Work required: Give exactly the lines from the one that contains "this 640×427 image." through the end of the entries below, both included; the pictures stay out.

Stored entries
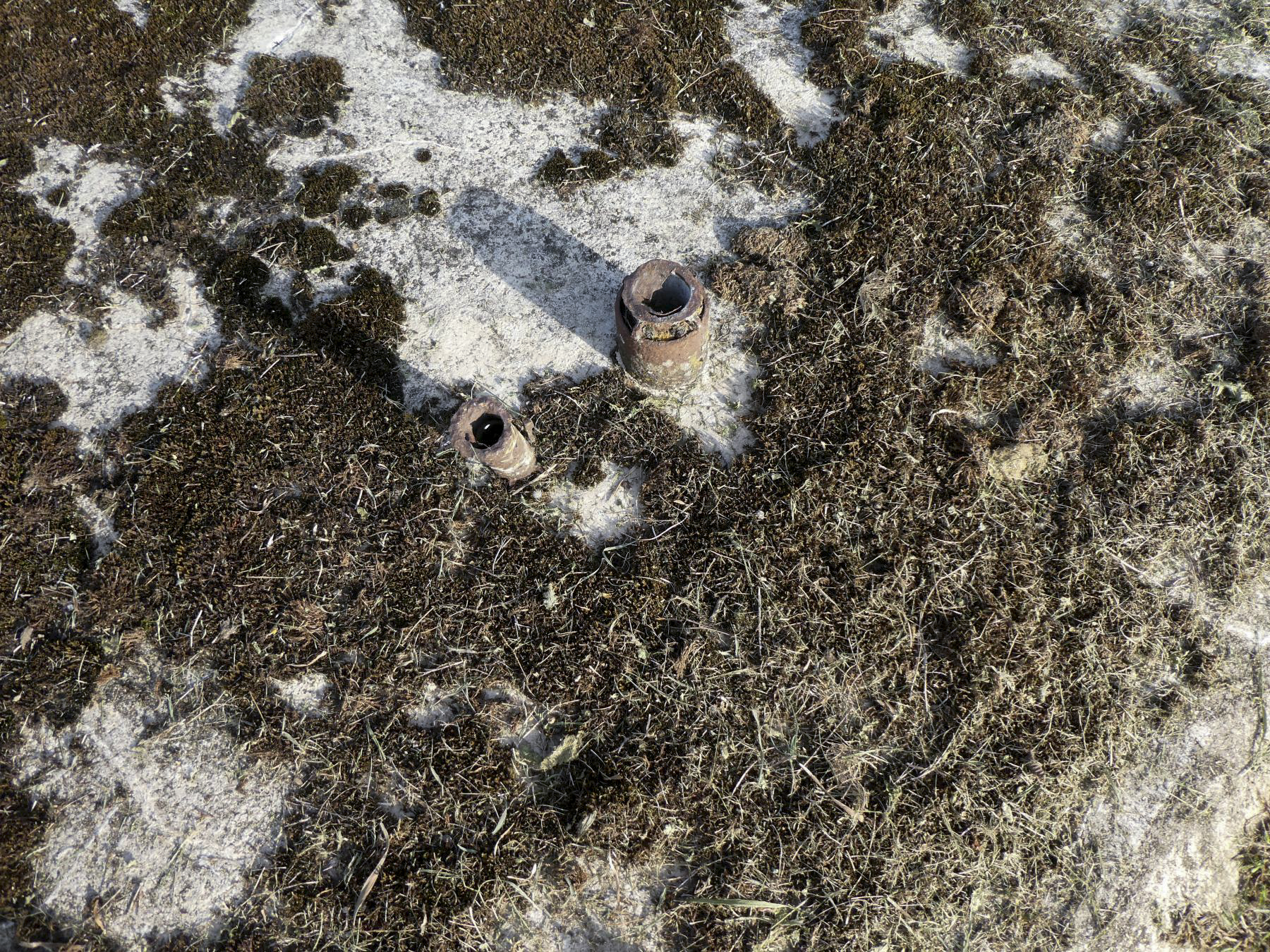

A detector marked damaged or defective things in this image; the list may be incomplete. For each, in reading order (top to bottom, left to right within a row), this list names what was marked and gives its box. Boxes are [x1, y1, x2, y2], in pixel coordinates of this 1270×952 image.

corroded pipe fitting [612, 260, 708, 389]
rusted metal pipe [612, 260, 708, 389]
corroded pipe fitting [446, 398, 536, 480]
rusted metal pipe [446, 398, 536, 480]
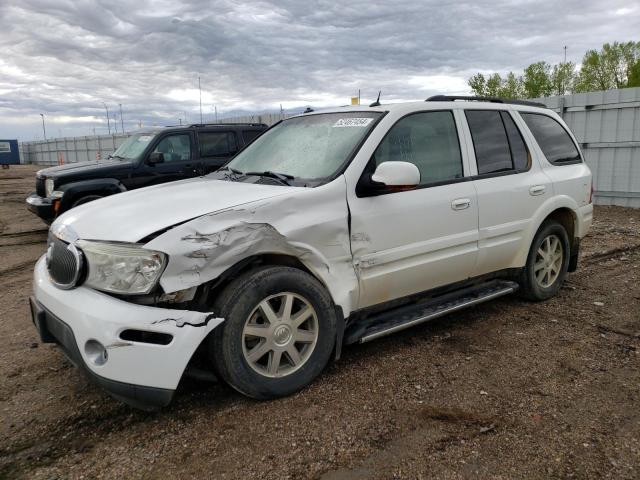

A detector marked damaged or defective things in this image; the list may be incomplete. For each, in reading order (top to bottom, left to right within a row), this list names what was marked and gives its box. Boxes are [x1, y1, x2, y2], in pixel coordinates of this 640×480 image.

broken headlight [76, 242, 166, 294]
crumpled front bumper [31, 256, 224, 410]
dented hood [54, 176, 300, 242]
damaged white suv [28, 96, 592, 408]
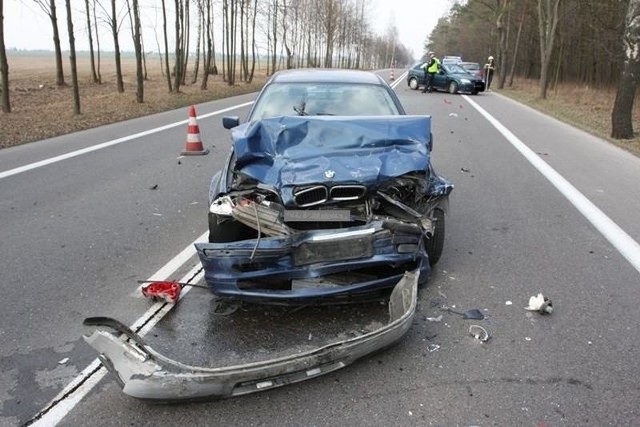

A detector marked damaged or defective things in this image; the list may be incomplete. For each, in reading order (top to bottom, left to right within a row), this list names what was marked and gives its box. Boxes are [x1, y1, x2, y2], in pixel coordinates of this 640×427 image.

detached front bumper [81, 272, 420, 402]
severely damaged bmw [82, 69, 452, 402]
severely damaged bmw [198, 69, 452, 304]
second damaged vehicle [198, 70, 452, 304]
crumpled hood [232, 115, 432, 192]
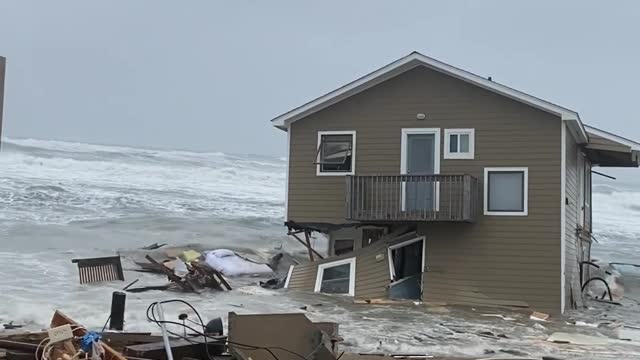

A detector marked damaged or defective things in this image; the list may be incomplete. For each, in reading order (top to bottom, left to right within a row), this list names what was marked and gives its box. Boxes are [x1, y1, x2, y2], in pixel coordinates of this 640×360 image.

Output below:
A detector marked damaged or defective things in this image; the list may be incomplete. For each, in reading order (top to bottom, left to right within a row), this list names what was marked and gives its box. Boxes are [x1, y1, x2, y2], in pixel coordinates of this 640×427 image.

detached front bumper [81, 272, 420, 402]
severely damaged bmw [82, 69, 452, 402]
severely damaged bmw [198, 69, 452, 304]
second damaged vehicle [198, 70, 452, 304]
crumpled hood [232, 115, 432, 192]

A detector marked damaged or defective things in this image; the list may be incomplete. For each, in reading order (top to bottom, left to right within a row), this list names what was marked and gives its box. Boxes are [x1, y1, x2, y2], in pixel coordinates of this 640×360 image.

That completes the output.